A simplified example of my app:
I have a HTML form as the output of a PHP script that gets a text from a database and fills an input of that form with it. There I can edit the text that on form submit is sent to a PHP script via a jQuery AJAX call. Through PHP the text is saved in the database and then the saved value is retrieved in PHP and sent in the JSON result of the AJAX call.
The character encoding of the HTML page is ISO-8859-1:
Let’s say the he HTML form looks like this:
<form id="my_form">
<input type="text" id="txtId" name="txt" value="" />
<input type="submit" name="btn" value="save">
</form>
On form submit this AJAX call is made:
$.ajax({
type: "POST",
url: "my_script.php",
data: $("#my_form").serialize(),
success: function (jsonObj) {
if(!jsonObj) {
return;
}
if("txt" in jsonObj) {
$("#txtId").val(jsonObj[txt]);
}
return false;
},
error: showError,
dataType: "json"
});
In PHP, after saving the text in the database and retrieving the saved text, I add it to an associative array which I convert into a JSON object displayed as the response of the AJAX call:
$item['txt'] = $value; //$value is the text saved in the database
header("Content-type: application/json");
echo json_encode($item);
At first I submited the form with exactly the text that came from PHP at page load. It looked fine, bun when reloading the page, a weird text filled my form input. I had the text a×b and now I got a×b.
I submitted the form again with text a×b and I studied the AJAX call response with Firebug. In both Console and Net tabs of Firebug, under Post tab of the call everything looked fine, but under Response tab I got “txt”:”a\u00d7b” instead of “txt”:”a×b”.
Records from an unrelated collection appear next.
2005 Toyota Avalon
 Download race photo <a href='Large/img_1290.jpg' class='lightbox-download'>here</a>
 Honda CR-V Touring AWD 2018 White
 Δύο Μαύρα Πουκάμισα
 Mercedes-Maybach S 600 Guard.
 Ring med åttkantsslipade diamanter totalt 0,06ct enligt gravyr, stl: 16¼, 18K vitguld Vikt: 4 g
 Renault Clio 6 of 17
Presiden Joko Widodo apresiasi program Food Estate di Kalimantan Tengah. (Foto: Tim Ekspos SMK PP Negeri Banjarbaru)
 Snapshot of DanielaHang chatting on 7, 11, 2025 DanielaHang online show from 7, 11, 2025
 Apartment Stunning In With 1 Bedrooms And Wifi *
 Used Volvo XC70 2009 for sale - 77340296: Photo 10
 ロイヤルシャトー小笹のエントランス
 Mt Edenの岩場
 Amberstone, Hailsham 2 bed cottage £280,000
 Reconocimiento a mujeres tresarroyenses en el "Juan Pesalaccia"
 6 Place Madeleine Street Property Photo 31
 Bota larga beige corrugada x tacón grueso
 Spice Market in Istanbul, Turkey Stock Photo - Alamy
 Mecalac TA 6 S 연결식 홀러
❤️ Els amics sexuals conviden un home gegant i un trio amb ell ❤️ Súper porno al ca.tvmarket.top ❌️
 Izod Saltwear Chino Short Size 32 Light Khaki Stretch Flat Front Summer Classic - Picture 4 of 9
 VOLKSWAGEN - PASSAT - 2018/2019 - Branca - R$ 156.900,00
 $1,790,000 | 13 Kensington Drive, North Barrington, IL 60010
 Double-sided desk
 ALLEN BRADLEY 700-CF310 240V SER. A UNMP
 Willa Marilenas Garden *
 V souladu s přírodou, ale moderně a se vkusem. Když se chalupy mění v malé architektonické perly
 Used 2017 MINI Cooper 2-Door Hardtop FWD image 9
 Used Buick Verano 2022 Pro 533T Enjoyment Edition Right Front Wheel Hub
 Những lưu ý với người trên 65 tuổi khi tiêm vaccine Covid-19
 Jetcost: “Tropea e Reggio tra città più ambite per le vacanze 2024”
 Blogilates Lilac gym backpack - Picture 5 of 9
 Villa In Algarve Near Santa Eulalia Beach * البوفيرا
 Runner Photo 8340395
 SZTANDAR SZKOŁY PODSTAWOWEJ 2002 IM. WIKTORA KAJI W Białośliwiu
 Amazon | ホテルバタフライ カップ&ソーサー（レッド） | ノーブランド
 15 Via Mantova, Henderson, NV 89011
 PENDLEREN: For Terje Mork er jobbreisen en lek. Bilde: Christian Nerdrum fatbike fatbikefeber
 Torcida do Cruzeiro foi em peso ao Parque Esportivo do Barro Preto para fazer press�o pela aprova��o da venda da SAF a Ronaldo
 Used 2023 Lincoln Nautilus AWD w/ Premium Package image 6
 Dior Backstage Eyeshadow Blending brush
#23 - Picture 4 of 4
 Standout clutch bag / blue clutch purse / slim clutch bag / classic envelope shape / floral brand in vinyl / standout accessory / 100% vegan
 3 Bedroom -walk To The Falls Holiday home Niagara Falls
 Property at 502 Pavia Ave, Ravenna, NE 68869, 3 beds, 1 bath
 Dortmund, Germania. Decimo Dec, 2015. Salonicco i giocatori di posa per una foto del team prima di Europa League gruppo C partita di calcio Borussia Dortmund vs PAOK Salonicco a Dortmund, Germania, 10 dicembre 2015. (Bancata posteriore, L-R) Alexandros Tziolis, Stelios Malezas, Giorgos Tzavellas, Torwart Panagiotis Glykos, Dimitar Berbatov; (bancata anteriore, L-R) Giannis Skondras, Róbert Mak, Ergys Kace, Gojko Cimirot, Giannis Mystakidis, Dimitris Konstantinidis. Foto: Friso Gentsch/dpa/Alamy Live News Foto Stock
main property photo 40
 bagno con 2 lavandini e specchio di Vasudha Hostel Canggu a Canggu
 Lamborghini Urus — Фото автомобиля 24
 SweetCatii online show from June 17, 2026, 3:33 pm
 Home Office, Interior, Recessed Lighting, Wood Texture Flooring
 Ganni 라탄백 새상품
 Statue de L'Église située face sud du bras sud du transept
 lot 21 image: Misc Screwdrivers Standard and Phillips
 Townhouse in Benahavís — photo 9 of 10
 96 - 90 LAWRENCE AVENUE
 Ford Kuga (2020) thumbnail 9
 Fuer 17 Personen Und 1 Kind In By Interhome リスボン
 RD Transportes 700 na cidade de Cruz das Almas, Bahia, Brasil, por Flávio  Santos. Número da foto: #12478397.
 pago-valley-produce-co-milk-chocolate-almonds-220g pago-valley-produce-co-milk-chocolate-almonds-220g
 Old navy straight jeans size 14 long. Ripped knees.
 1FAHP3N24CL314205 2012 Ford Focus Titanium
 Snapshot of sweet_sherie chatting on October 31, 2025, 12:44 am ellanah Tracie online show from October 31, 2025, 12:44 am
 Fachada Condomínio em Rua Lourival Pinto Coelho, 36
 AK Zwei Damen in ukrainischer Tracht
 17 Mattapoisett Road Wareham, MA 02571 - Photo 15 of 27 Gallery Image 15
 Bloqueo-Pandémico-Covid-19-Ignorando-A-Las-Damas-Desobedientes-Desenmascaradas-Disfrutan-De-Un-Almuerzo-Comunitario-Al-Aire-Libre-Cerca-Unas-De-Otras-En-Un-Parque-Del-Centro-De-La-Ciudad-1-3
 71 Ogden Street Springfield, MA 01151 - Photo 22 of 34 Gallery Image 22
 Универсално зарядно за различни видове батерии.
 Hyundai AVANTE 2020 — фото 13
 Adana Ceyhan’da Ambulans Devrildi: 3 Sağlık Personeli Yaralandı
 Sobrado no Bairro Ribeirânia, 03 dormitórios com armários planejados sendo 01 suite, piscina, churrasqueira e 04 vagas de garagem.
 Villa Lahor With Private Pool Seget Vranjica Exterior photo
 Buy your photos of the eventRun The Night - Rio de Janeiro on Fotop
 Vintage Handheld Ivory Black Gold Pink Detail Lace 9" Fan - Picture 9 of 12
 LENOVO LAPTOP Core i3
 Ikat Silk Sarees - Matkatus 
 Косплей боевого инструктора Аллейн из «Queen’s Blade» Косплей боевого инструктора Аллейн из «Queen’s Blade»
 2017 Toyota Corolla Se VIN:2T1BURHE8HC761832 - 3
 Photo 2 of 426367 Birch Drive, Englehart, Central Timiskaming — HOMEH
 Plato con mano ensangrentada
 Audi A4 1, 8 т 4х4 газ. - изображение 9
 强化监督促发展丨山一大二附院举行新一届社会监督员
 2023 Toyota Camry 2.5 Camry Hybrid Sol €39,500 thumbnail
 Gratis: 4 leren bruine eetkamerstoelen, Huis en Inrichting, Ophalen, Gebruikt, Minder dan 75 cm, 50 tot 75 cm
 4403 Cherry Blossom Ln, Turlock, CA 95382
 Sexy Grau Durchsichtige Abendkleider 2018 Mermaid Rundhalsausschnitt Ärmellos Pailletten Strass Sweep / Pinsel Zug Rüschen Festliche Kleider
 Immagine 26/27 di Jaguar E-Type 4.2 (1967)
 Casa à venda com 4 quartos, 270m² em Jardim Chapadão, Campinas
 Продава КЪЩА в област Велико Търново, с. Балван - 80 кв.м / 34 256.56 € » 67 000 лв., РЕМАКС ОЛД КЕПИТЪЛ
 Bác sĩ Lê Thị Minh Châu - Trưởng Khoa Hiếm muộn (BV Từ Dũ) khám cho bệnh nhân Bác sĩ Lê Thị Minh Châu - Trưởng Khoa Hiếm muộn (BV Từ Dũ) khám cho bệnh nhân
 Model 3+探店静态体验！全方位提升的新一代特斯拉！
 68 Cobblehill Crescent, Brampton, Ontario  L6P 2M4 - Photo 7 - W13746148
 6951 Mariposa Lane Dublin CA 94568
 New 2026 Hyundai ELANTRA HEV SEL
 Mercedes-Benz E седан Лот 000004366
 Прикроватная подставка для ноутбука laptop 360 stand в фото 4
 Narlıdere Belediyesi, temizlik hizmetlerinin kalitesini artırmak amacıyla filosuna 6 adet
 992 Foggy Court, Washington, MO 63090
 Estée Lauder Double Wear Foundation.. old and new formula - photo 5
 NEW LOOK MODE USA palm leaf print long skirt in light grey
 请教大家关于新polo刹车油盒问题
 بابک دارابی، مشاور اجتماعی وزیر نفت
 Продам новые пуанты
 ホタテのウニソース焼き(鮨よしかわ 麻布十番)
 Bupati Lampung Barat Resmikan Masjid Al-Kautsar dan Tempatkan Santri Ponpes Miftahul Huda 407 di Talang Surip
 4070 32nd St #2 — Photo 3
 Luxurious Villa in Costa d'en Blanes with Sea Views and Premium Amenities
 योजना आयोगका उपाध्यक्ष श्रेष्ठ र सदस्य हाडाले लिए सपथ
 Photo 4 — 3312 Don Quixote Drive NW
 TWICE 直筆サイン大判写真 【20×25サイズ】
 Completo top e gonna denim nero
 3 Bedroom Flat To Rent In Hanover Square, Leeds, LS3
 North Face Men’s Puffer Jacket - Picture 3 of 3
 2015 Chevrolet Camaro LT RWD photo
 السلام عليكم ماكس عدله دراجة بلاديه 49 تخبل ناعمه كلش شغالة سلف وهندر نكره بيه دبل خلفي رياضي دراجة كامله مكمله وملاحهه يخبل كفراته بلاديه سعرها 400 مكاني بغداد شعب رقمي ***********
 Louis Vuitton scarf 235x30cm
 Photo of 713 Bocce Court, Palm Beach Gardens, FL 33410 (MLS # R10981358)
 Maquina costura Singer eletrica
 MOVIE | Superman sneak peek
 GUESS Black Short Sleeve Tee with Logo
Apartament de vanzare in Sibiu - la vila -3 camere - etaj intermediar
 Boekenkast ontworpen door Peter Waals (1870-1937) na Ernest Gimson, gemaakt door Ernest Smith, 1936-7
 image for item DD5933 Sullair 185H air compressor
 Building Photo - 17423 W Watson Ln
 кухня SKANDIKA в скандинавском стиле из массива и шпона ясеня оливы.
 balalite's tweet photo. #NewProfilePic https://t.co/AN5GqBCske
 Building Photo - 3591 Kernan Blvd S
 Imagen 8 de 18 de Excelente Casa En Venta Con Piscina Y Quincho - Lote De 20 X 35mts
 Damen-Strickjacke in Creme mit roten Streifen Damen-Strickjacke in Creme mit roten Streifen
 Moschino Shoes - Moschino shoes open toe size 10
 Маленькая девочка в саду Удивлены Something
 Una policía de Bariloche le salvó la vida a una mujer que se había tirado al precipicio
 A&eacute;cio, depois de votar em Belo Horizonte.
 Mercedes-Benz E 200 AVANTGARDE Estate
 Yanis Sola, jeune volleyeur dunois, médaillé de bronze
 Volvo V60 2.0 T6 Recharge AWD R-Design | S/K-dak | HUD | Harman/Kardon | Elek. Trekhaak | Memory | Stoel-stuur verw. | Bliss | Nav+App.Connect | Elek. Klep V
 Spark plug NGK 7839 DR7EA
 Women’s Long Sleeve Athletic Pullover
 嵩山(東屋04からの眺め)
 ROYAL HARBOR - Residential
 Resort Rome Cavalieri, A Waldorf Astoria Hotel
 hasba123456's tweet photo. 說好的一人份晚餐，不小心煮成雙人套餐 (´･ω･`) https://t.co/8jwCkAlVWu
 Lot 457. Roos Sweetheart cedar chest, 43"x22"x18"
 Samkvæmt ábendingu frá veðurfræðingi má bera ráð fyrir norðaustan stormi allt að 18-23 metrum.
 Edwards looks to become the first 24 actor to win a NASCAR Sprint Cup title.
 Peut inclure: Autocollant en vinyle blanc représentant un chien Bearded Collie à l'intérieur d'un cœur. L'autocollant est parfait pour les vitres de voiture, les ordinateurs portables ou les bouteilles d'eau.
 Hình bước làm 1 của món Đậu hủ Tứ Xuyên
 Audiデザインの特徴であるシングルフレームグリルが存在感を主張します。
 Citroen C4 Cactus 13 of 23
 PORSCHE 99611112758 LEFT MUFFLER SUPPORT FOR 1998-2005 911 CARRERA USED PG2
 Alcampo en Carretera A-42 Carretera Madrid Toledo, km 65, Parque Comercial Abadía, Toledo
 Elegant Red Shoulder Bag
It looked like the text somwhere on the way back to the form got encoded in a weird manner. The × character is a Windows-1252 encoded character, not an UTF-8 encoded character and I should discover where the encoding of the text changed.
I submitted the correct text again and outputted the text saved in the database without json_encode-ing it:
echo $item['txt'];
In Firebug, in the Response tab of the AJAX call, even though under the Console tab of Firebug the text looked fine, under the Net tab it appeared like this: a×b.
Again I submitted the correct text and outputted the value that came via AJAX:
echo $_POST['txt'];
And again I obtained the correct text under the Console tab and the incorrect one under the Net tab in Firebug, which meant that the encoding broke before the text got to the server.
Then, under Headers tab of the call, I noticed among the Request Headers: Content-Type application/x-www-form-urlencoded; charset=UTF-8 and I thought maybe setting the character encoding of the jQuery.ajax call to ISO-8859-1 instead of UTF-8 would solve my problem:
$.ajax({
type: "POST",
url: "my_script.php",
data: $("#my_form").serialize(),
contentType: "application/x-www-form-urlencoded;charset=ISO-8859-1",
success: function (jsonObj) {
if(!jsonObj) {
return;
}
if("txt" in jsonObj) {
$("#txtId").val(jsonObj[txt]);
}
return false;
},
error: showError,
dataType: "json"
});
But the result remained the same and even more, the Content-Type header did not change either. After lots of thinking and testing, I came to these conclusions:
1. If the data parameter of the jQuery.ajax call is not empty and the type parameter is set to “POST”, the character encoding of the request remains UTF-8 no matter what, so (if I want my encoding to take effect) what I would normaly put in the data parameter I should add to the query string of the url of the AJAX call and not specify or leave the data parameter empty (setting the value of empty string to the data parameter).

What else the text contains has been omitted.